Collected material
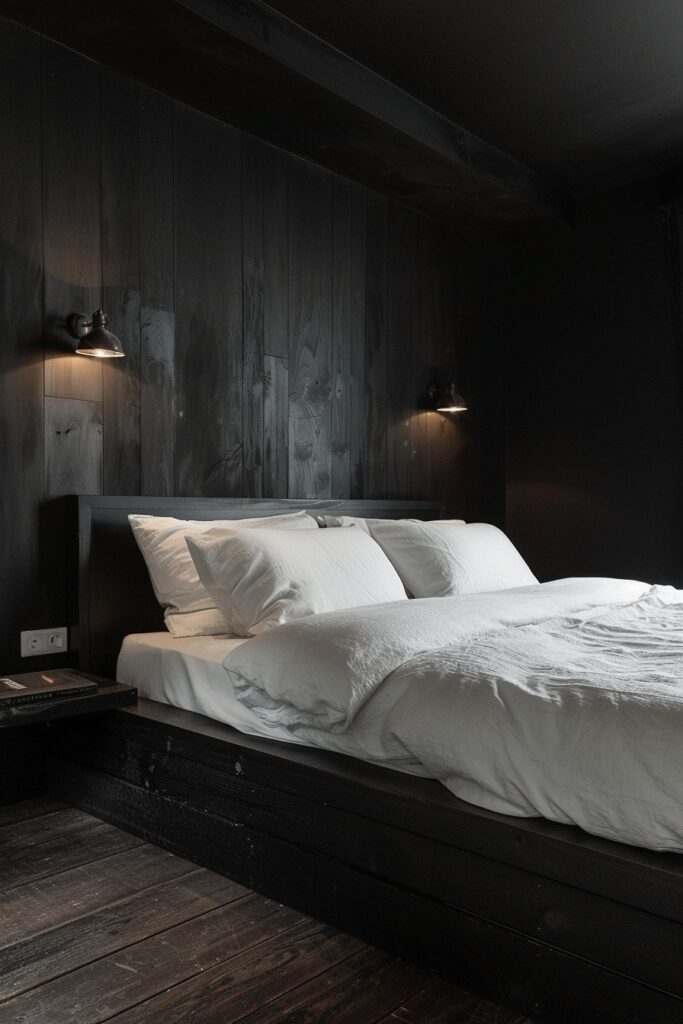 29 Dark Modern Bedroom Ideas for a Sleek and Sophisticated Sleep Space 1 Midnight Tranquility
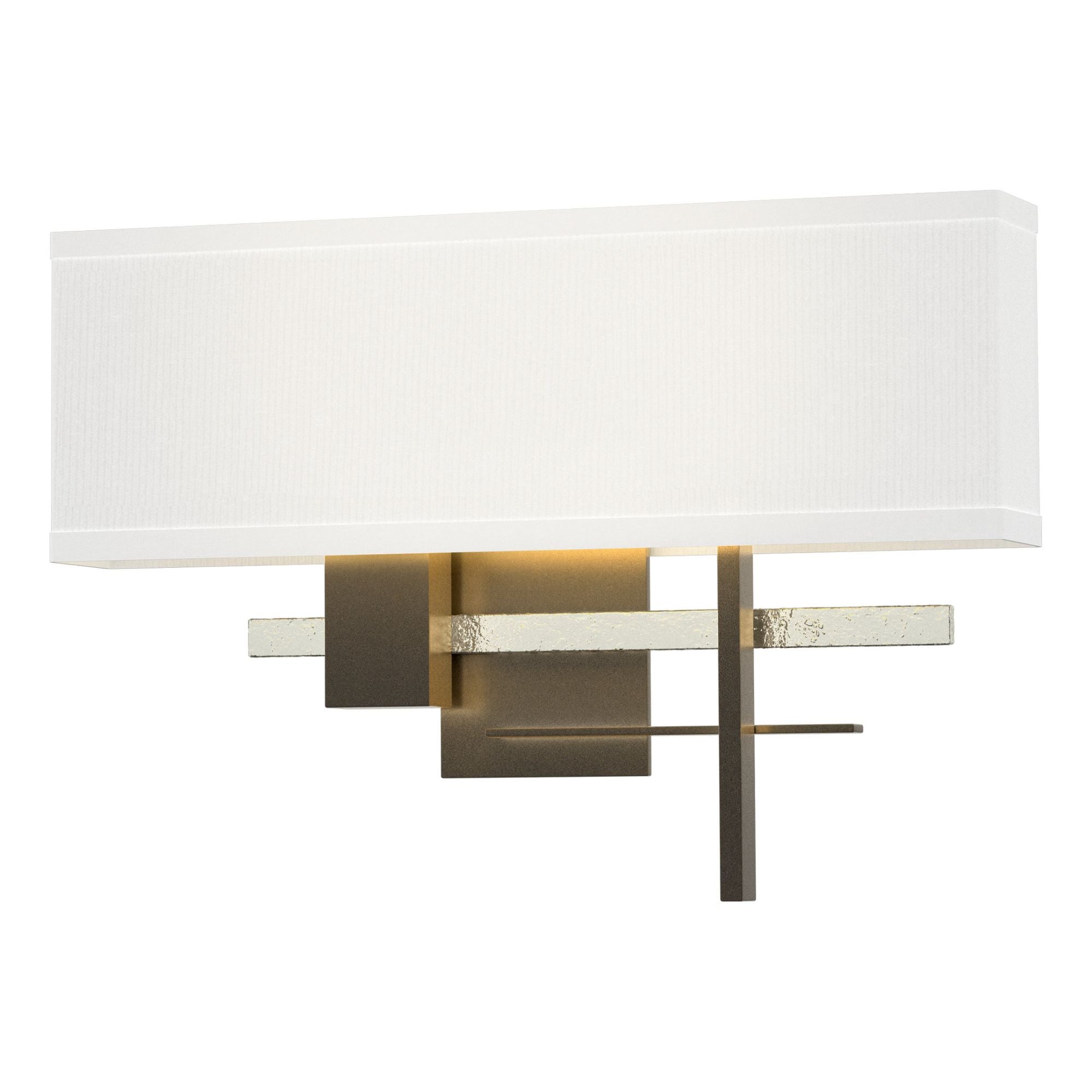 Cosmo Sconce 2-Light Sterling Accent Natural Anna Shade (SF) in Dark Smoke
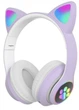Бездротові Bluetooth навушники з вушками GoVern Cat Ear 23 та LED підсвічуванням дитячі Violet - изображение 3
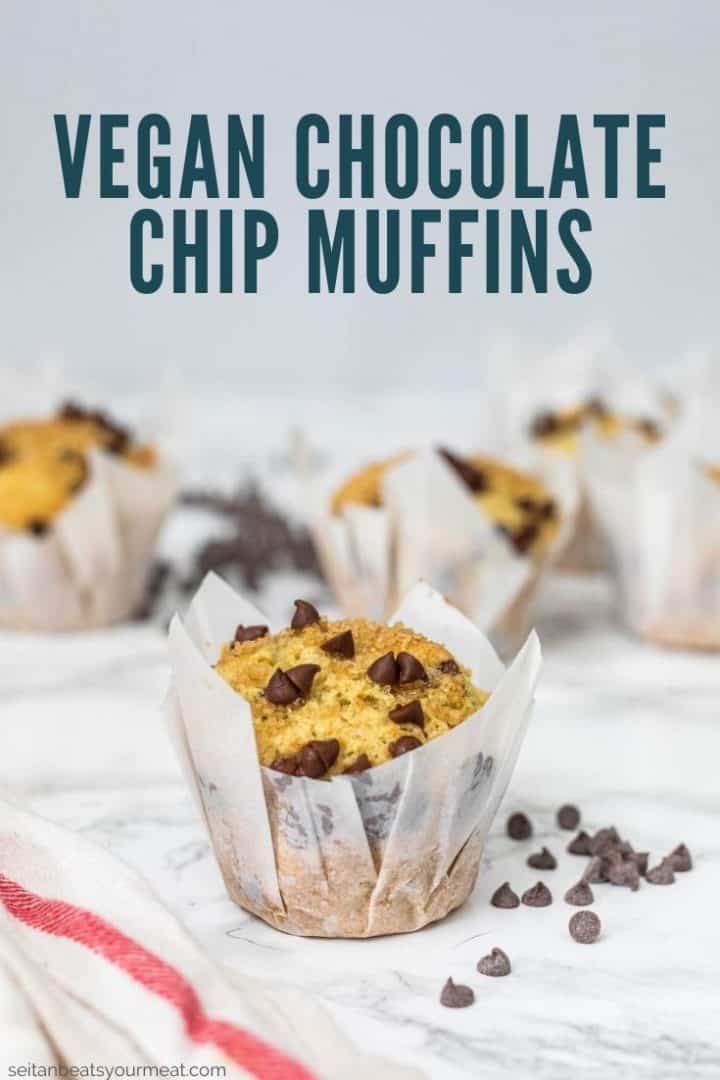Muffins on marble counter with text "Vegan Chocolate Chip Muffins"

What this task involves
The copy should begin at the line containing "Cosmo Sconce 2-Light" and end at the last line of the data above; please restate those lines word for word without the pictures.

Result
 Cosmo Sconce 2-Light Sterling Accent Natural Anna Shade (SF) in Dark Smoke
Бездротові Bluetooth навушники з вушками GoVern Cat Ear 23 та LED підсвічуванням дитячі Violet - изображение 3
Muffins on marble counter with text "Vegan Chocolate Chip Muffins"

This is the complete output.